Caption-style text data
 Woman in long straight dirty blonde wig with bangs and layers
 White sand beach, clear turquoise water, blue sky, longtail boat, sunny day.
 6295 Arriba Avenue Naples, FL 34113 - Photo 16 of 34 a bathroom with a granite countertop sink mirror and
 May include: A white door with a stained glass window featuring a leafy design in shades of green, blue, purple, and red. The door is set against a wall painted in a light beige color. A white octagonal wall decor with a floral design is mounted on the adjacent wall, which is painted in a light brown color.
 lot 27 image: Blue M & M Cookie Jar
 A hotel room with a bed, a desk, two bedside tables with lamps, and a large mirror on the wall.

→ **Work required**:
From the first line to the last, return the records unchanged.

→ **Answer to the problem**:
 Woman in long straight dirty blonde wig with bangs and layers
 White sand beach, clear turquoise water, blue sky, longtail boat, sunny day.
 6295 Arriba Avenue Naples, FL 34113 - Photo 16 of 34 a bathroom with a granite countertop sink mirror and
 May include: A white door with a stained glass window featuring a leafy design in shades of green, blue, purple, and red. The door is set against a wall painted in a light beige color. A white octagonal wall decor with a floral design is mounted on the adjacent wall, which is painted in a light brown color.
 lot 27 image: Blue M & M Cookie Jar
 A hotel room with a bed, a desk, two bedside tables with lamps, and a large mirror on the wall.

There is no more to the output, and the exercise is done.